Het bleef weer een hele poos stil rond Fragne; de blog lag er doods bij, mailtjes werden niet of kort beantwoord, er werd met geen woord over het meer gerept... Even kort de oorzaken daarvan opnoemen, is niet evident. Laat ons het dus op chronisch tijdtekort houden, gecombineerd met twijfel over welke uitbatingskoers we in de toekomst zouden varen. Het feit dat we in het warme en droge oktober even vreesden voor een karpersterfte door zuurstoftekort en de geplande vidange die van begin november naar eind december versprong, droegen uiteraard ook bij tot de afwachtende houding.
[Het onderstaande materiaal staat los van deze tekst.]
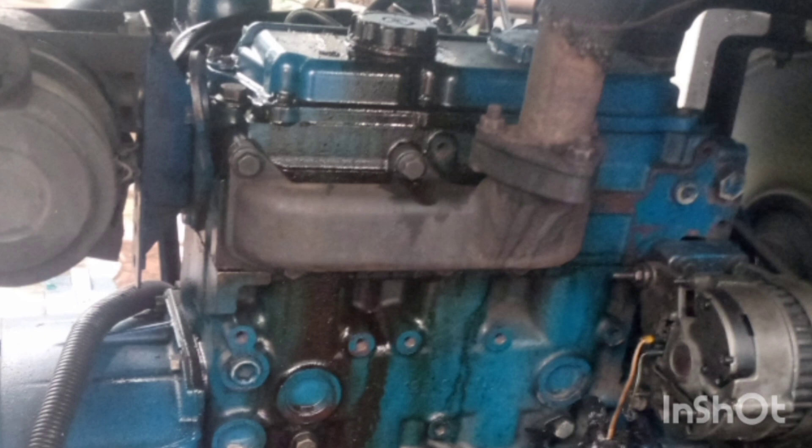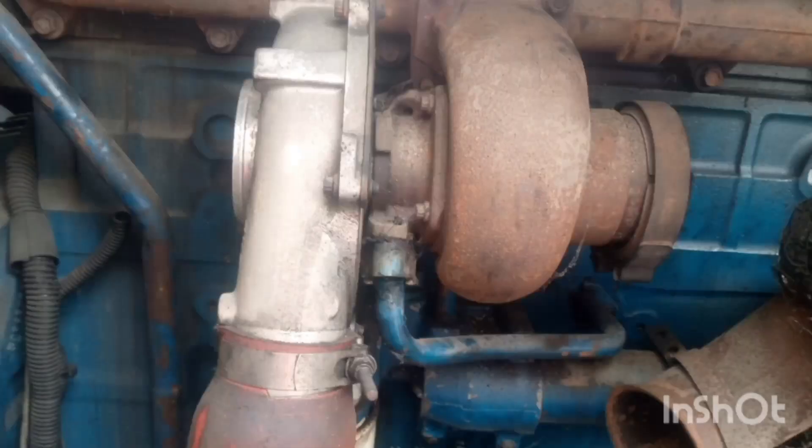Let's look at generators to see the difference. A three-cylinder generator without a turbo produces approximately 27 kVA — for example, a Perkins engine without a turbo can be 27 kVA. But the same three-cylinder engine with a turbo will give you about 45 kVA. You can see there's a huge difference, almost double, and that tells you how powerful the turbo is.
Concreet? Op zaterdag 22 december - na 14 dagen leeglopen - werd het meer eindelijk afgevist. Voorafgaand aan die datum werd ook de dijk geïnspecteerd (4 man, 8 uur...). Een rapport over hun bevindingen wordt begin 2013 opgesteld. Tijdens de vidange werden tonnen voorn en bijna honderdvijftig snoeken (sommige exemplaren leken wel krokodillen) afgenet door een dertigtal helpende krachten. De viskweker nam het merendeel van deze twee vissoorten met zich mee. Zo goed als het gehele karperbestand (reken op een 330-tal karpers; waarvan een aantal hele zware) werd tijdelijk overgezet in een gegraven bassin (het heen en weer ploeteren in de modder zou een sport op zich kunnen zijn). De aanwezige karpervissers waren het er unaniem over eens dat de schade aan de bekken - in tegenstelling tot wat ik zelf vreesde - erg minimaal was. Wat de drooglegging zelf betreft, mogen we best van een succes spreken: we konden zo goed als alle vis voor het sluisgat houden, waardoor ook de grotere exemplaren niet beschadigd raakten. Even werd gevreesd ook de laatste liters water kwijt te raken doordat er een steen vastzat onder de sluitklep, maar na een halfuur wrikken en kloppen kon de poort terug definitief op slot en maakten paniek en stress plaats voor opluchting en jolijt.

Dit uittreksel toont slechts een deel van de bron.